>>>>

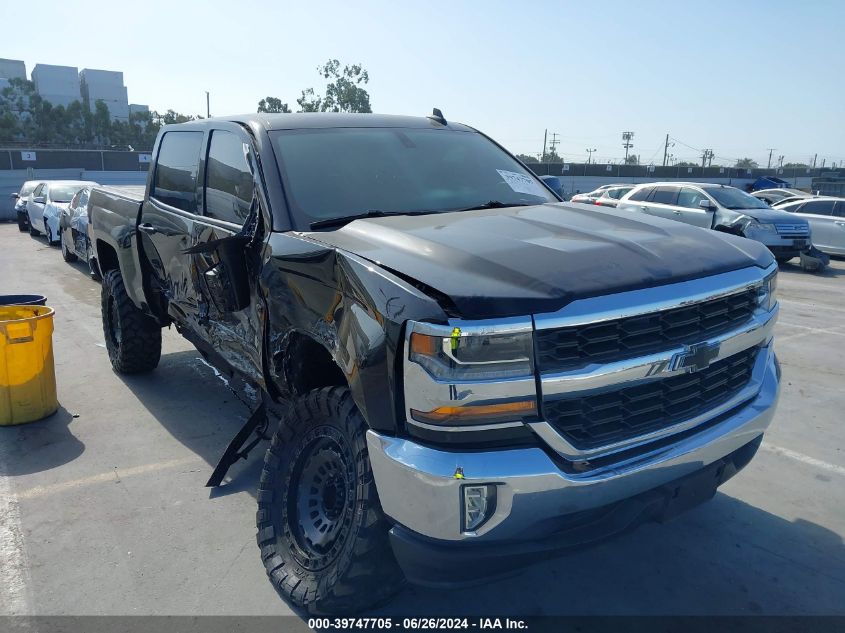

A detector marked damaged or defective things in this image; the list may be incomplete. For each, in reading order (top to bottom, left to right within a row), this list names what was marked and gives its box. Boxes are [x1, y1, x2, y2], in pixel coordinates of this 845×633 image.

crumpled hood [306, 202, 776, 318]
crumpled hood [740, 206, 812, 223]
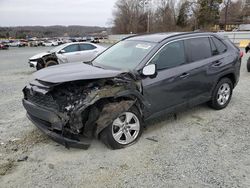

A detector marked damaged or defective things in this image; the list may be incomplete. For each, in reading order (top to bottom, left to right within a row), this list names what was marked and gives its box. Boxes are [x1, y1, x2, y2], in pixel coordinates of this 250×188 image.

crumpled hood [33, 62, 123, 83]
damaged front end [22, 72, 144, 149]
front bumper damage [23, 74, 145, 149]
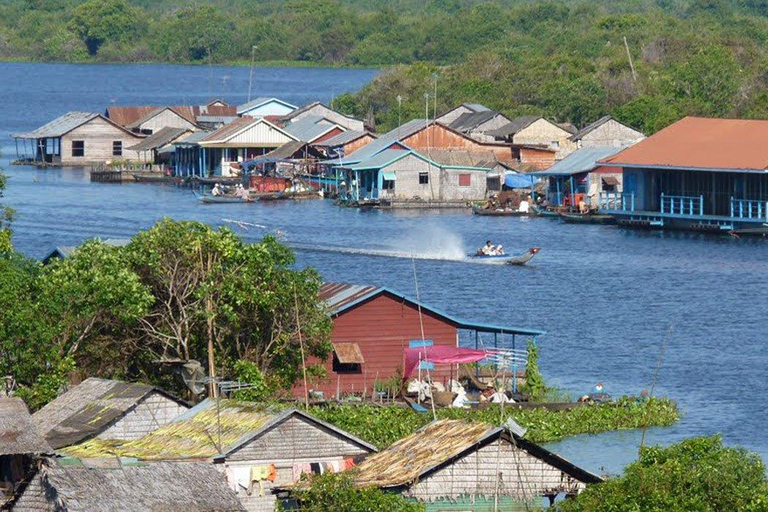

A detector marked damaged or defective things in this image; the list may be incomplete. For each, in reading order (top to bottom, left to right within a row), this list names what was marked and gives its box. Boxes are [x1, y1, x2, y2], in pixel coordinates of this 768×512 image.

rusty metal roof [604, 116, 768, 171]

<<<<

## PROMPT
Give every line above again exactly, omitting whatever pictures appear.

## SOLVED PROBLEM
A detector marked damaged or defective things in this image; the list may be incomplete. For each, in reading order (top to bottom, left to right within a row), this list names what was marked and gives its box. Boxes are [x1, y1, x2, y2], in pixel coordinates of this 845×633 image.

crumpled hood [306, 202, 776, 318]
crumpled hood [740, 206, 812, 223]

A detector marked damaged or defective things in this image; the list may be incomplete. For each, in reading order (top to bottom, left to right within a row), this list names what was marked and gives its box. Boxes are [x1, y1, x2, y2], in pixel coordinates of this 250×188 image.

crumpled hood [33, 62, 123, 83]
damaged front end [22, 72, 144, 149]
front bumper damage [23, 74, 145, 149]

A detector marked damaged or defective things in this image; the list may be incomplete. For each, in reading order (top to bottom, left to right within a row), this list names what was marked and gives its box. Boxes are [x1, y1, x2, y2], in pixel coordinates of this 768×512 image.

rusty metal roof [604, 116, 768, 171]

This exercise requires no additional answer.